В последних числах сентября, колонна в 10 000 человек с кавалерией и артиллерией была послана в обход гарибальдийской армии чрез небольшую горную цепь Сант-Анджело, где существовала проездная дорога, вовсе не занятая гарибальдийцами по недостаточности сил. На рассвете 1-го октября, обе гарибальдийские армии были атакованы с фронта. За исключением баварцев и гвардейского драгунского полка, неаполитанские войска неохотно шли в огонь. Чтобы возбудить их мужество, им должны были раздать усиленные порции вина и растолковать, что атака с фронта служит только для того, чтобы занять гарибальдийцев до тех пор, пока подоспеет обходная колонна, долженствующая еще до полудня того же дня поспеть в Казерту и атаковать гарибальдийскую армию с тыла. Но маневр этот решительно не удался. Впоследствии оказалось, что обходная колонна дорогой возмутилась, убила своего генерала и значительной частью разбрелась для грабежа по окрестным деревням. Некоторые ее отряды поспели в Казерту только на следующий день, когда атака с фронта была уже окончательно отбита и королевская армия, деморализованная своим новым постыдным поражением, надолго была бы неспособна возобновить военные действия. Множество оружия и несколько десятков нарезных орудий достались в руки гарибальдийцев в этот достопамятный день. Громадные же их численные потери не имели никакого значения, так как победа прочно установила гарибальдийский авторитет и чуть не все молодое народонаселение Неаполя стремилось теперь под гарибальдийское знамя.

Через несколько дней после этого сражения, батальоны берсальеров и гренадеров Чальдини появились на Вольтурно. Как союзники, они были бы очень драгоценны там еще несколько дней тому назад, когда немного мужества и уменья в бурбонском лагере могли нанести гарибальдийскому делу очень чувствительное поражение; но после победы 1-го октября завоевание или освобождение Неаполя было упрочено, и Гарибальди не нуждался в союзниках на Вольтурно. Впрочем, пьемонтские войска и не появляются там в этой роли: они пришли на смену гарибальдийцам.

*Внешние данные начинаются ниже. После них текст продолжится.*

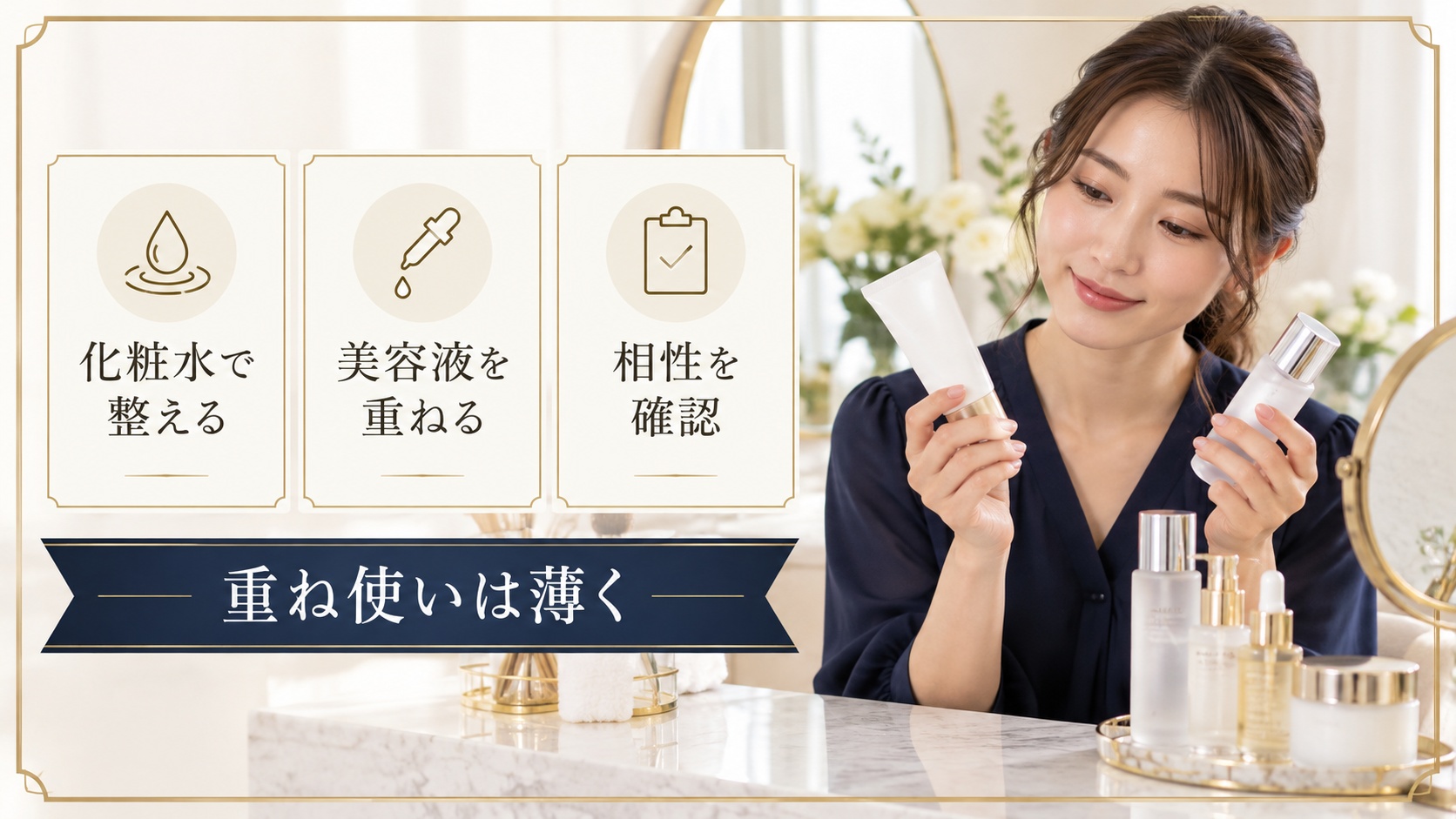 ミシャエッセンスサンスクリーンと化粧品の併用相性を示すアイキャッチ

Кавур решил, что нельзя дольше откладывать дело забранил в свои руки плодов гарибальдийских побед.

Столкновение с первых же шагов приняло форму очень резкую и желчную. Чальдини говорил тоном генералов, укротителей мятежей. Его прокламации грозили расстрелянием каждому, кто, не нося мундира, будет взят с оружием в руках; а многие из гарибальдийцев, как мы уже выше заметили, не имели даже башмаков, не то что классической красной рубашки. Да и то еще на первый раз могло казаться сомнительным, удостоит ли его пьемонтское превосходительство красную фланелевую рубашку чести признания ее за мундир. В виду неприятельской крепости, освободители Италии двух противоположных лагерей – народного и официального – готовы были уже броситься друг на друга. Нужна была вся уступчивость, свойственная Гарибальди, и все доверие гарибальдийцев к их вождю, чтобы эта первая встреча гарибальдийцев с пьемонтской армией обошлась без кровопролития.

Но это было только прелюдией более томительных испытаний.

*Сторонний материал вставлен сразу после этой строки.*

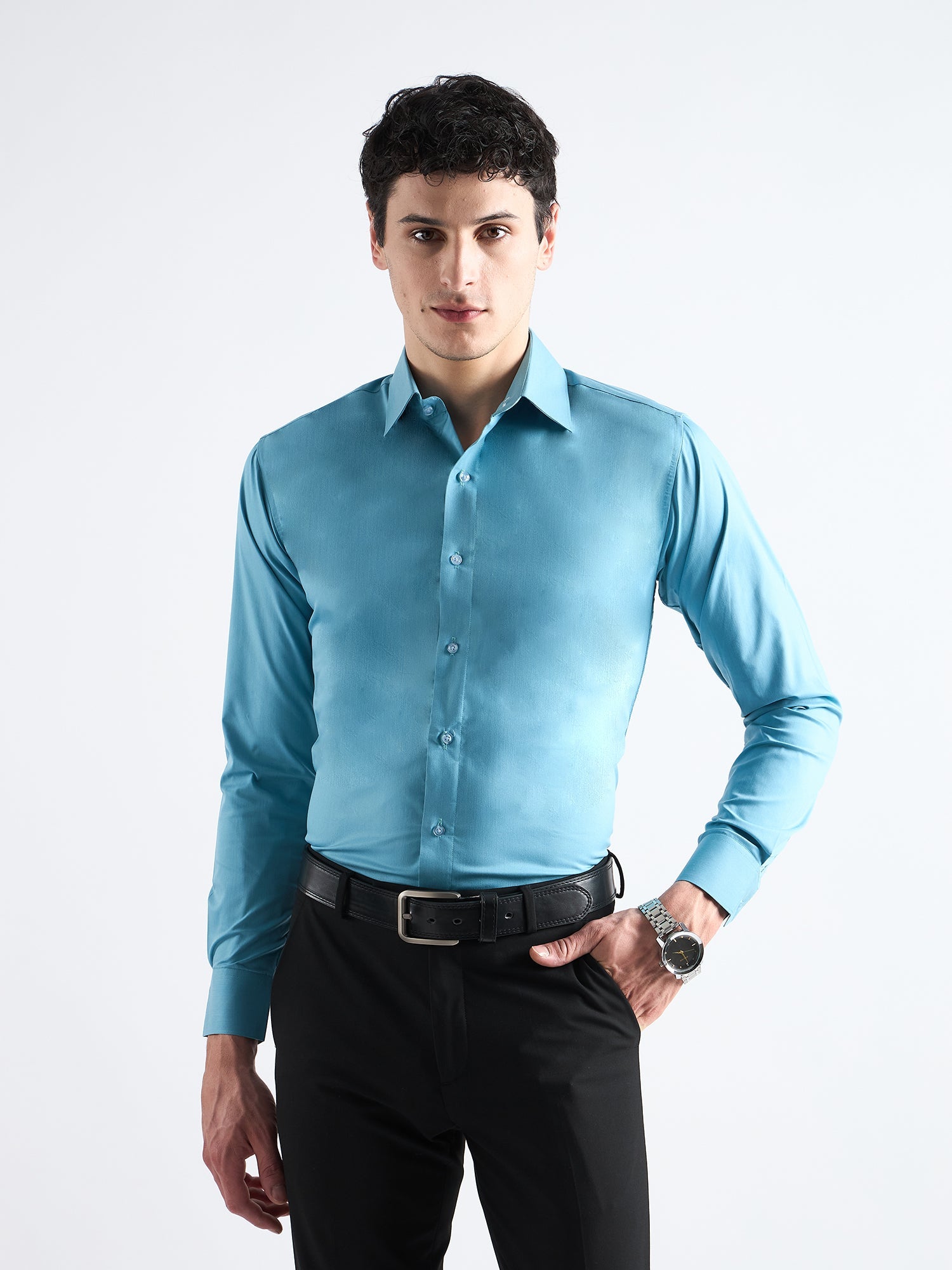 All Yours Fountain Blue Plain Stretch Cotton Shirt Front_1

Скоро в лагере разнесся слух, что сам король едет на место действия.

V

До сих пор Виктор-Эммануил являлся как бы в роли священного символа или девиза, во имя которого привлекались к одному общему делу столь разнообразные элементы, как Гарибальди и Кавур. Теперь ему приходится выступить примирителем между этими двумя создателями итальянского единства.

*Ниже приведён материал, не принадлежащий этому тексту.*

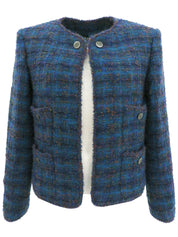 1997 Tweed CC Mark Button Collarless Jacket Multi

Требования Кавура были чрезвычайно категоричны и настойчивы. Гарибальди должен был немедленно отказаться от диктатуры в Неаполе и передать освобожденное им королевство в руки официальной Италии. От него не требовалось, чтобы он сейчас же распустил и обезоружил своих волонтеров, но их уже успели подчинить военному министерству под рубрикой «южного ополчения». Некоторые из высших гарибальдийских офицеров получили соответственные чины в регулярном войске. Из них и из пьемонтских чиновников тотчас же была образована специальная комиссия, которой поручено было заняться устройством дальнейшей судьбы «южного ополчения». Впрочем, правительство не скрывало, что это дальнейшее устройство должно было заключаться в том только, чтобы как можно скорее и безобиднее распустить добровольцев по домам. Тем из них, которые вздумали бы удалиться немедленно и беспрекословно, назначена была даже денежная премия. Сам Гарибальди становился пьемонтским генерал-лейтенантом.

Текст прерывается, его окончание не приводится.